------ Provided data
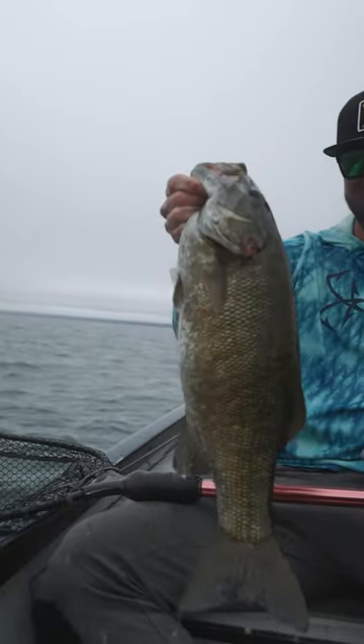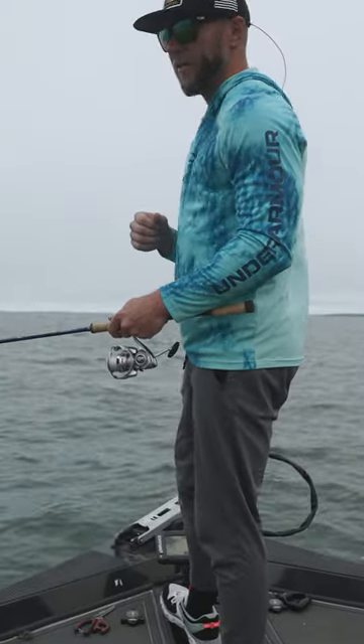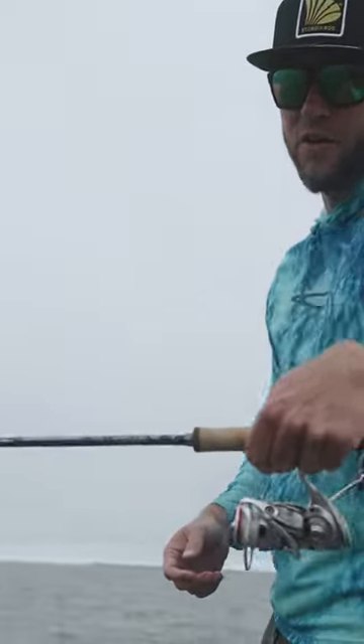It still has enough backbone too, so if you get a really big one like that one I just caught, you can still work them and get them to the surface when they're ready. Obviously you don't want to be breaking fish off, but it's a really good rod — check it out, the Legend Tournament Bass from St. Croix.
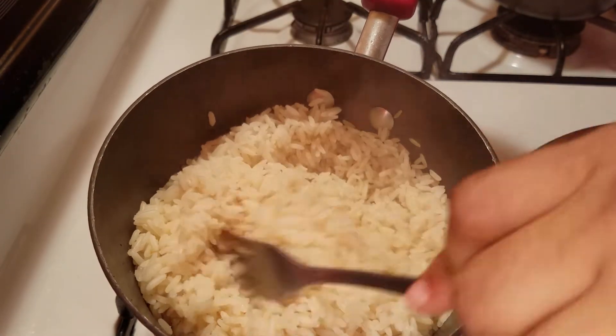Now I'm going to check up on my rice — you can see my rice is steaming along nice.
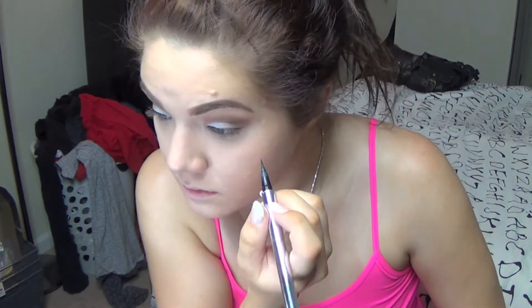Now I'm going in with a liquid liner and doing my usual winged eyeliner. I'm using this Jessie's Girl liquid liner pen and I'm not going to lie, I really don't like it. People talk a lot of game about this pen and I kind of hate it, but my Kat Von D one is all dried up so I'm just using this for now. Now I'm highlighting with my usual Lancome Color Design highlighter.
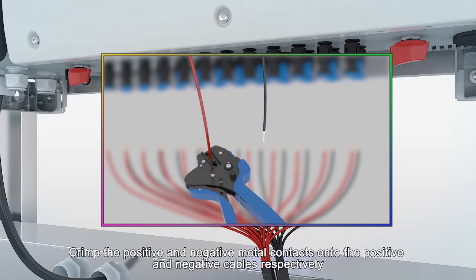Crimp the positive and negative metal contacts onto the positive and negative cables respectively.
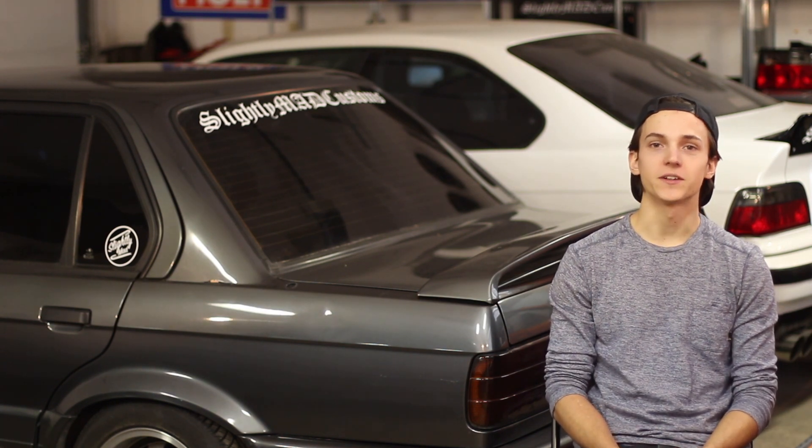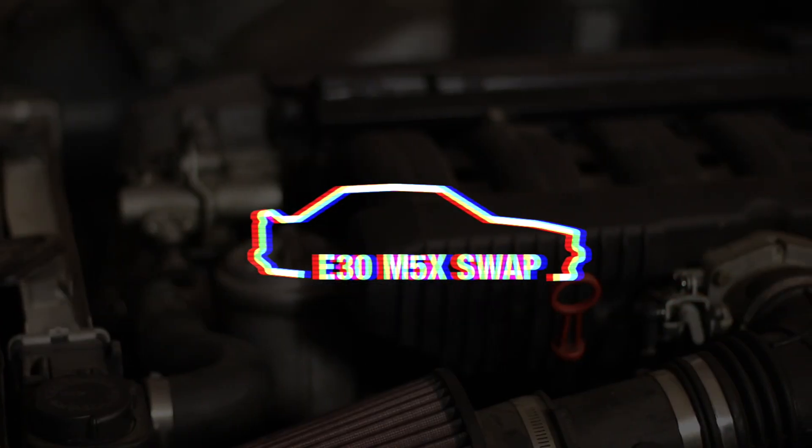Through each of these parts, I'll show you the different options that you have, as well as what I would recommend. None of these options are necessarily better or worse — it just depends on your budget and how far you'd like to take the build. For my build, I was on a budget, but not at the expense of the safety or quality of the swap. Now that we know what we're getting into, let's get started. I'll see you in video 2.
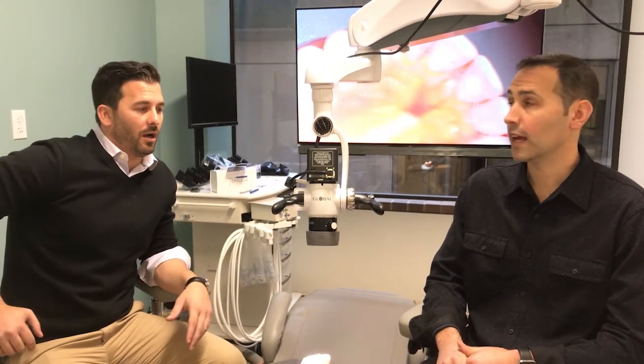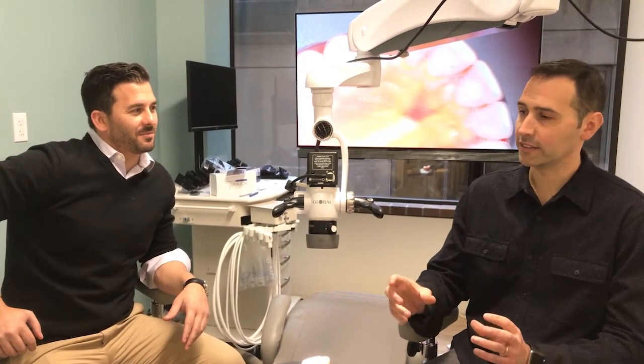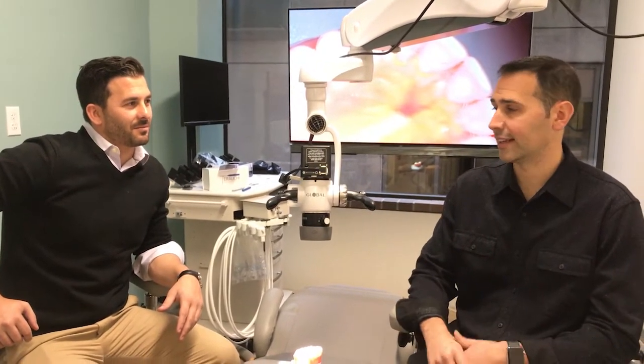We were just talking about doing upper back molars. You can do a direct view without a mirror, which is something that's never been done before. With a microscope you'd try to crank the oculars and see something with direct vision, but it never really works.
------------
Any picture in the data is to be skipped, while each line is returned exactly as written.

## Solution for this task
It still has enough backbone too, so if you get a really big one like that one I just caught, you can still work them and get them to the surface when they're ready. Obviously you don't want to be breaking fish off, but it's a really good rod — check it out, the Legend Tournament Bass from St. Croix.
Now I'm going to check up on my rice — you can see my rice is steaming along nice.
Now I'm going in with a liquid liner and doing my usual winged eyeliner. I'm using this Jessie's Girl liquid liner pen and I'm not going to lie, I really don't like it. People talk a lot of game about this pen and I kind of hate it, but my Kat Von D one is all dried up so I'm just using this for now. Now I'm highlighting with my usual Lancome Color Design highlighter.
Crimp the positive and negative metal contacts onto the positive and negative cables respectively.
Through each of these parts, I'll show you the different options that you have, as well as what I would recommend. None of these options are necessarily better or worse — it just depends on your budget and how far you'd like to take the build. For my build, I was on a budget, but not at the expense of the safety or quality of the swap. Now that we know what we're getting into, let's get started. I'll see you in video 2.
We were just talking about doing upper back molars. You can do a direct view without a mirror, which is something that's never been done before. With a microscope you'd try to crank the oculars and see something with direct vision, but it never really works.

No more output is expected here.